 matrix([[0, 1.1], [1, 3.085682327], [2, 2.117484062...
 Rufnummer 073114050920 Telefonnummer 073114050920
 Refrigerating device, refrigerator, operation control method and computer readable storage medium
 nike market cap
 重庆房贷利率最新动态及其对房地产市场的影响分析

• • • •

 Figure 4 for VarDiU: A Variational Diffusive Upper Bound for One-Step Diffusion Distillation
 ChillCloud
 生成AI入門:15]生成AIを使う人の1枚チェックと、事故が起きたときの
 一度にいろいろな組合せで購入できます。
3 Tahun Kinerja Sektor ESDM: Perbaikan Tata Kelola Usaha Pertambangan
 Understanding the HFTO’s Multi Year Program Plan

• • • •

# To do
Looking back over the data above, restate word for word the lines that begin at the line with "matrix([[0, 1.1], [1, 3.085682327], [2, 2.117484062..." and end at the line with "重庆房贷利率最新动态及其对房地产市场的影响分析", inclusive.

# Task answer
 matrix([[0, 1.1], [1, 3.085682327], [2, 2.117484062...
 Rufnummer 073114050920 Telefonnummer 073114050920
 Refrigerating device, refrigerator, operation control method and computer readable storage medium
 nike market cap
 重庆房贷利率最新动态及其对房地产市场的影响分析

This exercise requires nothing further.